[Data excerpts]
........
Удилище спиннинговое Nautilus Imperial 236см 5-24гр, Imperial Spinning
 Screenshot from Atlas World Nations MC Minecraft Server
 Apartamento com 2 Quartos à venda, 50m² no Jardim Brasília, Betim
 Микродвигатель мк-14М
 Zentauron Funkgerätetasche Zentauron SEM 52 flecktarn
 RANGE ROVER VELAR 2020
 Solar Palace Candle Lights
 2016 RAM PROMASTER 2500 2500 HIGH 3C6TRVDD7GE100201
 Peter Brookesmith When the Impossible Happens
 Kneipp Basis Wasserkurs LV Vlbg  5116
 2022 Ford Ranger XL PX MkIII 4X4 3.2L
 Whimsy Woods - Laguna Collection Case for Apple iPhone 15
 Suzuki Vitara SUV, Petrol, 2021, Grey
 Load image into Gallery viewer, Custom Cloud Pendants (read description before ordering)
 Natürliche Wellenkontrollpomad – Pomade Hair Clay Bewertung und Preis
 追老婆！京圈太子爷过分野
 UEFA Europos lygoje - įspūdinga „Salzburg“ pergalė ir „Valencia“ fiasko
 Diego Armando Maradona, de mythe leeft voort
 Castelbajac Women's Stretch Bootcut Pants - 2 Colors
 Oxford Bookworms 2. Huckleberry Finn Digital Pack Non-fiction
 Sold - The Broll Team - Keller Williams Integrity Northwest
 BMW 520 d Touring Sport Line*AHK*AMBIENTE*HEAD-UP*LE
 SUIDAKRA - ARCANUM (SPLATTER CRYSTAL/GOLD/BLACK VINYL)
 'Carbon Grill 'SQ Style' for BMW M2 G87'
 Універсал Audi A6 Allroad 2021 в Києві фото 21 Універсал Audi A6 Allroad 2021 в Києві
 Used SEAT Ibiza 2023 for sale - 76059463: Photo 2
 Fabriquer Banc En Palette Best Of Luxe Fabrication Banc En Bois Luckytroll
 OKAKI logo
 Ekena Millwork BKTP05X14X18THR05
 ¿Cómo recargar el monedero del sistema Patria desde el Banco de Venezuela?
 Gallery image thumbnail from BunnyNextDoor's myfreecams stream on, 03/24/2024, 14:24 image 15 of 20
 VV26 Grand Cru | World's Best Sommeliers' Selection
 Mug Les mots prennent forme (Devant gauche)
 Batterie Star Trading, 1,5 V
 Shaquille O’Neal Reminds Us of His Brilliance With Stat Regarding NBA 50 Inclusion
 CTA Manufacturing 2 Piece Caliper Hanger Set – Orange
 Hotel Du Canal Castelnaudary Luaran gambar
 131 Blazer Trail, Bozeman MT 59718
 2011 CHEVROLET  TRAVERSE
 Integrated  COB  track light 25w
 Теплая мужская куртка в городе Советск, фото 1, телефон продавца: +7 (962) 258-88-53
........
Problem description =>
Please copy out the records exactly as they appear.

Your solution =>
Удилище спиннинговое Nautilus Imperial 236см 5-24гр, Imperial Spinning
 Screenshot from Atlas World Nations MC Minecraft Server
 Apartamento com 2 Quartos à venda, 50m² no Jardim Brasília, Betim
 Микродвигатель мк-14М
 Zentauron Funkgerätetasche Zentauron SEM 52 flecktarn
 RANGE ROVER VELAR 2020
 Solar Palace Candle Lights
 2016 RAM PROMASTER 2500 2500 HIGH 3C6TRVDD7GE100201
 Peter Brookesmith When the Impossible Happens
 Kneipp Basis Wasserkurs LV Vlbg  5116
 2022 Ford Ranger XL PX MkIII 4X4 3.2L
 Whimsy Woods - Laguna Collection Case for Apple iPhone 15
 Suzuki Vitara SUV, Petrol, 2021, Grey
 Load image into Gallery viewer, Custom Cloud Pendants (read description before ordering)
 Natürliche Wellenkontrollpomad – Pomade Hair Clay Bewertung und Preis
 追老婆！京圈太子爷过分野
 UEFA Europos lygoje - įspūdinga „Salzburg“ pergalė ir „Valencia“ fiasko
 Diego Armando Maradona, de mythe leeft voort
 Castelbajac Women's Stretch Bootcut Pants - 2 Colors
 Oxford Bookworms 2. Huckleberry Finn Digital Pack Non-fiction
 Sold - The Broll Team - Keller Williams Integrity Northwest
 BMW 520 d Touring Sport Line*AHK*AMBIENTE*HEAD-UP*LE
 SUIDAKRA - ARCANUM (SPLATTER CRYSTAL/GOLD/BLACK VINYL)
 'Carbon Grill 'SQ Style' for BMW M2 G87'
 Універсал Audi A6 Allroad 2021 в Києві фото 21 Універсал Audi A6 Allroad 2021 в Києві
 Used SEAT Ibiza 2023 for sale - 76059463: Photo 2
 Fabriquer Banc En Palette Best Of Luxe Fabrication Banc En Bois Luckytroll
 OKAKI logo
 Ekena Millwork BKTP05X14X18THR05
 ¿Cómo recargar el monedero del sistema Patria desde el Banco de Venezuela?
 Gallery image thumbnail from BunnyNextDoor's myfreecams stream on, 03/24/2024, 14:24 image 15 of 20
 VV26 Grand Cru | World's Best Sommeliers' Selection
 Mug Les mots prennent forme (Devant gauche)
 Batterie Star Trading, 1,5 V
 Shaquille O’Neal Reminds Us of His Brilliance With Stat Regarding NBA 50 Inclusion
 CTA Manufacturing 2 Piece Caliper Hanger Set – Orange
 Hotel Du Canal Castelnaudary Luaran gambar
 131 Blazer Trail, Bozeman MT 59718
 2011 CHEVROLET  TRAVERSE
 Integrated  COB  track light 25w
 Теплая мужская куртка в городе Советск, фото 1, телефон продавца: +7 (962) 258-88-53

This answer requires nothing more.